A case against a Danish Army officer, charged with the deaths of civilians in Afghanistan, has suffered a setback following the British military's refusal to allow vital video evidence to be shown at his trial.
The officer was responsible for ordering an attack against an Afghan compound near a Danish military base that killed one civilian and injured two others.
The military prosecutors, Auditørkorpset, accuse the officer of gross misconduct, and he could be sentenced to three years in jail for failing to abide by NATO’s secret rules of engagement (ROE).
The Danish military base in question, Bridzar in Afghanistan, is reliant on British surveillance. According to the officer’s lawyer, Torben Koch, the officer used the surveillance to observe four men in a nearby compound who he thought were acting suspiciously and possibly in the process of burying a roadside bomb.
The officer then requested two British Apache helicopters to fire a hellfire missile at the men, which killed one and injured two. When it transpired that the men were civilians, NATO compensated the men’s families.
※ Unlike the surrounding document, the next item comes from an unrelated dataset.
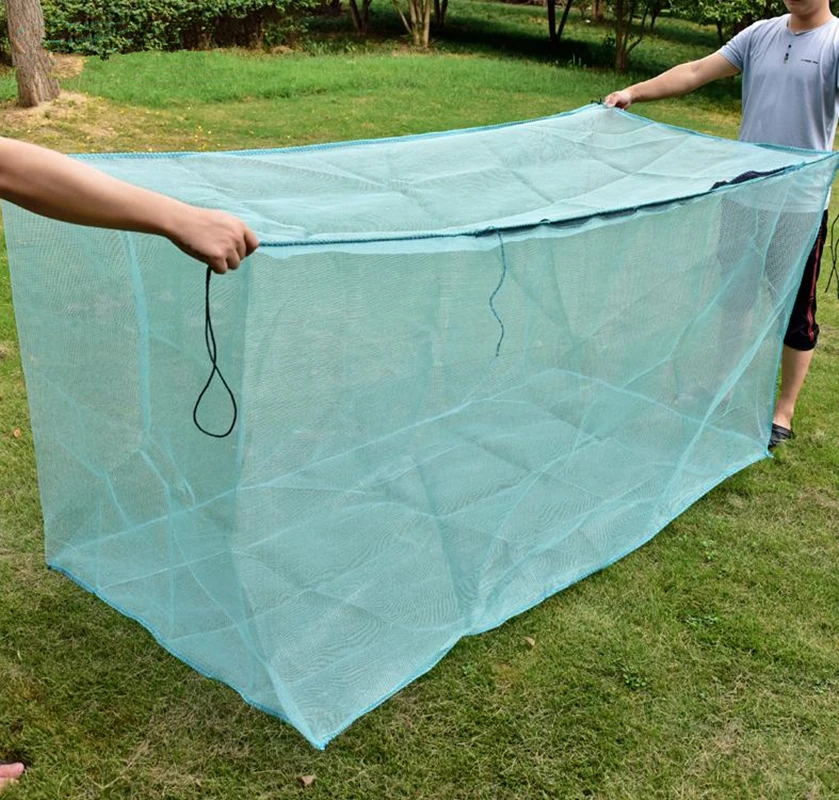 Breed Fishing Nets Cage Mesh Stake Net, Small Grid Catch Fish Net Box Aquaculture Pond Fish Farming Net, Square Aquarium Trap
After the attack, Danish military police, who were present in the room when the officer ordered the attack, made a copy of the surveillance and sent it to the Auditørkorpset in Denmark.
After showing it to military experts, they found that the attack broke NATO’s ROE, which led to them bringing charges against the officer.
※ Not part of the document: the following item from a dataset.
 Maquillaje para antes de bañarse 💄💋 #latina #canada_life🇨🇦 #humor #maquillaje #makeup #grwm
The case is shrouded in many levels of secrecy, however. The names of the accused officer as well as the military experts are secret, and so too are the ROE that the officer allegedly broke by ordering the attack.
The ROE, according to Politiken newspaper, are secret in order to prevent giving the Taleban an advantage. However, the underlying principle is to avoid civilian deaths, and therefore attacks should only be ordered when it is certain only militants are being targeted.
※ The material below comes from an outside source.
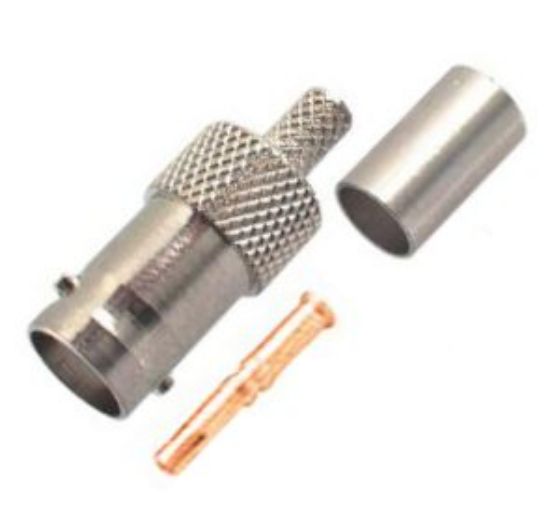 Picture of BNC-SOCKET CRIMP  RG59  6mm 3PC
Experts who have seen the footage spoke to Politiken and confirmed that the men posed no immediate risk to NATO troops, and that the object the men were burying bore no resemblance to a bomb.
With the British unwilling to permit the surveillance video as evidence, some experts worry that the transparency of the military is being sacrificed in order to not harm Denmark’s relationship with the UK.
“If the Brits give permission [to use the footage], it would create a precedent that they should hand over material that may in the future incriminate their own soldiers,” NATO expert Sten Rynning from Syddansk University told Politiken, adding that it was unlikely that Britain would allow this to happen.